→ **Problem requirements**
The needed output is the run of lines below from the one containing "Screenshot of the" through the one containing "Kinder Little Helper", copied exactly and free of pictures.

-------- Data extracts --------

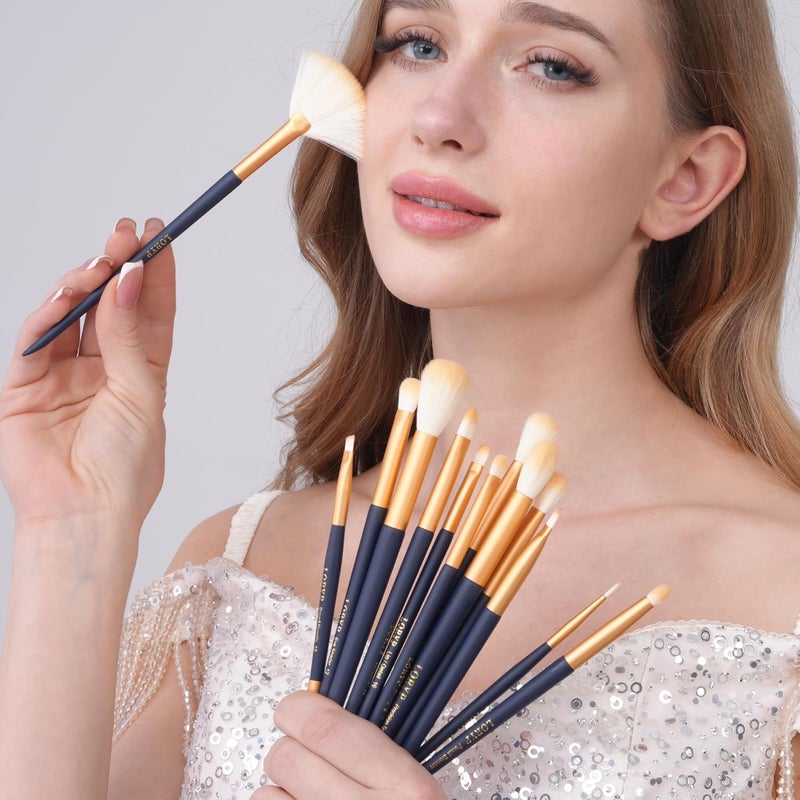 LORYP Makeup Brushes Set Labeled 18 Piece Face and Eye Brush Set Ultra soft hair Foundation, Concealer, Blush, Contour, Blending, Eyeshadow Blue Brush kit - Image 3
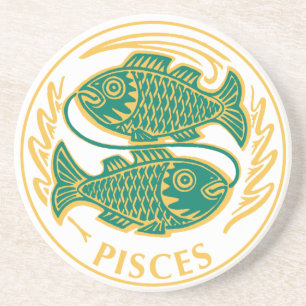 Pisces Sign of the Zodiac on a Coaster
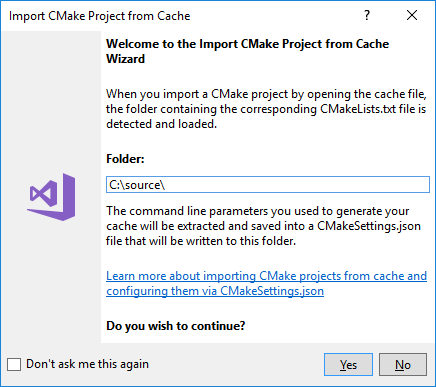 Screenshot of the Import C Make Project from Cache wizard. The directory path of the C Make project to import goes in the folder textbox.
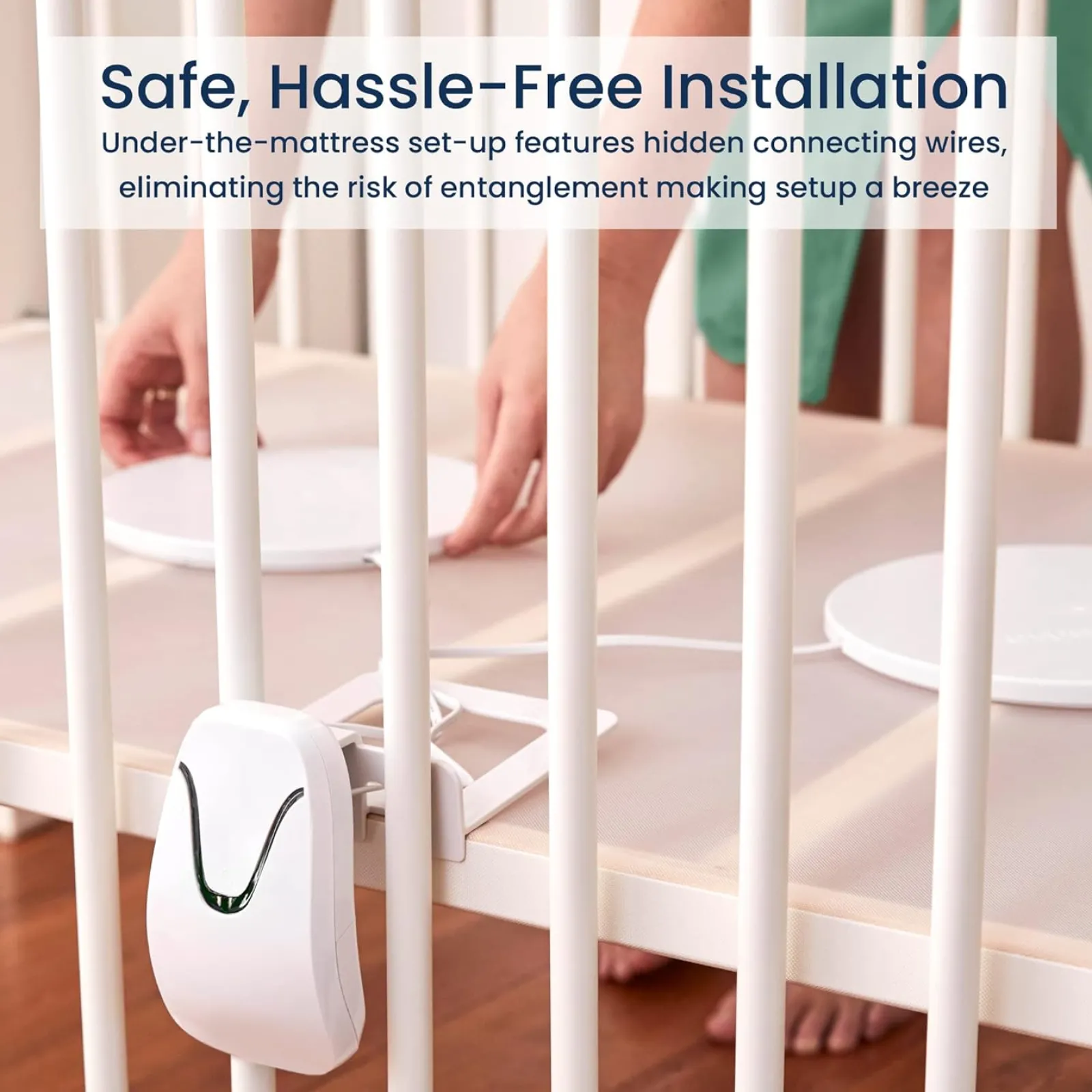 Kinder Little Helper Sicherer Schlaf Hochempfindlicher Baby-Atembewegungsmonitor | 5-Zoll-Raum- und Kinderbettüberwachung mit geteiltem Bildschirm | IR-Nachtsicht | Schlaflieder und Schlafgeräusche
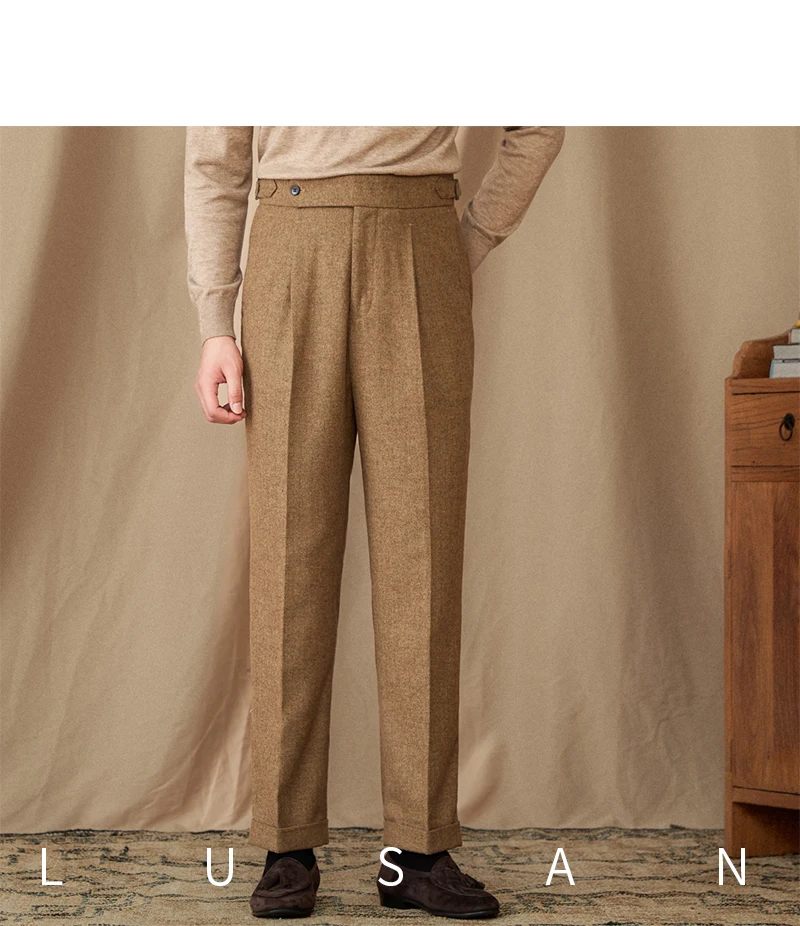 40% Wool Winter Thick Warm Naples Casual High Waist Straight Pants Commuter Retro Men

--------

→ **Output below**
 Screenshot of the Import C Make Project from Cache wizard. The directory path of the C Make project to import goes in the folder textbox.
 Kinder Little Helper Sicherer Schlaf Hochempfindlicher Baby-Atembewegungsmonitor | 5-Zoll-Raum- und Kinderbettüberwachung mit geteiltem Bildschirm | IR-Nachtsicht | Schlaflieder und Schlafgeräusche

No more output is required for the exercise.